> _The task_
The word to find is "living". State how many lines below contain it, giving only the number.

Exercise input Block Start

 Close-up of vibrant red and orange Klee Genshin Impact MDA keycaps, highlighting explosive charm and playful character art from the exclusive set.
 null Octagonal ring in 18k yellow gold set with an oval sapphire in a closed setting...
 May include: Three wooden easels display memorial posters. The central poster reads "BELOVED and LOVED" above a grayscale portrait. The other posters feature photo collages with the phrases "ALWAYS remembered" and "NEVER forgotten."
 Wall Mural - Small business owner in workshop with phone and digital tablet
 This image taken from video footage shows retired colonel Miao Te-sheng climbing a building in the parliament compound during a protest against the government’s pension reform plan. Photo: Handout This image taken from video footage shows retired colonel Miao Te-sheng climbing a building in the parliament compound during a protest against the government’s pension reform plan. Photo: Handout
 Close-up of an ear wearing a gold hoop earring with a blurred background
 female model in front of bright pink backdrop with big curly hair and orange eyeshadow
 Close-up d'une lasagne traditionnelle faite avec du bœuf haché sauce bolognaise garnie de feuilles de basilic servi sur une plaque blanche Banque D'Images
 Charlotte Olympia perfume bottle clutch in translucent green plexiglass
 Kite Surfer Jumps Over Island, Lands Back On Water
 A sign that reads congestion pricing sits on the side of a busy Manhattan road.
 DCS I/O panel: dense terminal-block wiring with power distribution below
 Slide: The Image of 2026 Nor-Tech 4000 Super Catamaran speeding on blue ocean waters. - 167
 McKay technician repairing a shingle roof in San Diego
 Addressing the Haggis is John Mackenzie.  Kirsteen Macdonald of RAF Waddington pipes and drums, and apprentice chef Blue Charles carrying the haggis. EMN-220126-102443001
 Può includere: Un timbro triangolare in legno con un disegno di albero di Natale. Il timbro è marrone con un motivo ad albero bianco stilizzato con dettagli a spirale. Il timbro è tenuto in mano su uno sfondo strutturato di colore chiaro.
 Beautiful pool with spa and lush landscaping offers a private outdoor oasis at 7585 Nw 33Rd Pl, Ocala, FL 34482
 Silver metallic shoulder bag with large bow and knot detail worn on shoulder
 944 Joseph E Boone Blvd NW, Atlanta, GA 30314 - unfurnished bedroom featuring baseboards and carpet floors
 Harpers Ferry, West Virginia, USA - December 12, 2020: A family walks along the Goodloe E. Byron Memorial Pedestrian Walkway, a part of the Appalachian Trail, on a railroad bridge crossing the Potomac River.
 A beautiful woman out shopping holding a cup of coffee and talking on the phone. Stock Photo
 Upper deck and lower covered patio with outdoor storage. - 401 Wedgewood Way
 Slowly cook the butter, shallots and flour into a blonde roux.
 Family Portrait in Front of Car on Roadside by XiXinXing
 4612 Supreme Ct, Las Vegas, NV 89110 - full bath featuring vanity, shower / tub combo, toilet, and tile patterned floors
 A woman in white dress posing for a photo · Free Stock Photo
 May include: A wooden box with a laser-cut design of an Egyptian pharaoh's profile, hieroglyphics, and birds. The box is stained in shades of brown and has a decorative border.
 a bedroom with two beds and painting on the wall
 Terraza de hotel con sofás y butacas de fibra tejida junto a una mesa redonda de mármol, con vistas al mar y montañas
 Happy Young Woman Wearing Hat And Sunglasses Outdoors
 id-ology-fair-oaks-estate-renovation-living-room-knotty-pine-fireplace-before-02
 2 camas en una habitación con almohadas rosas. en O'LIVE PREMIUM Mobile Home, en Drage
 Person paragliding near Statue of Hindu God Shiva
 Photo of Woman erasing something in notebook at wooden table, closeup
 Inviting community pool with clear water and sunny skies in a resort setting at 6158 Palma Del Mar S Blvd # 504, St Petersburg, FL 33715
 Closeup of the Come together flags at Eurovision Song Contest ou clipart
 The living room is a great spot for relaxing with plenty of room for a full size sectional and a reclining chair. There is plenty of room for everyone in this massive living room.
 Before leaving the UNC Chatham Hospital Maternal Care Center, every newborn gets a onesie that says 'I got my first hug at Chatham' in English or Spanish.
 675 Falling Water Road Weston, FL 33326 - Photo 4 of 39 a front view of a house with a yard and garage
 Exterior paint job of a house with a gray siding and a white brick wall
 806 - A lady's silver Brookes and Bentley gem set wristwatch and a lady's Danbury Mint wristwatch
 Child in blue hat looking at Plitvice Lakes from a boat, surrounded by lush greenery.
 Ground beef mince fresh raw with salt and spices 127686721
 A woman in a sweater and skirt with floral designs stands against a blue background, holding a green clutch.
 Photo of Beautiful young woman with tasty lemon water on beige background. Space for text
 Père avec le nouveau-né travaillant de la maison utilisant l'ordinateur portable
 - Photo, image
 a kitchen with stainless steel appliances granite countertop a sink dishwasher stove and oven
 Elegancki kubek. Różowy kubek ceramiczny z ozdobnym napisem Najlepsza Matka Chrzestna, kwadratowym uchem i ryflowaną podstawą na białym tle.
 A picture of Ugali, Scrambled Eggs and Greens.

Exercise input Block End

> _Task output_
2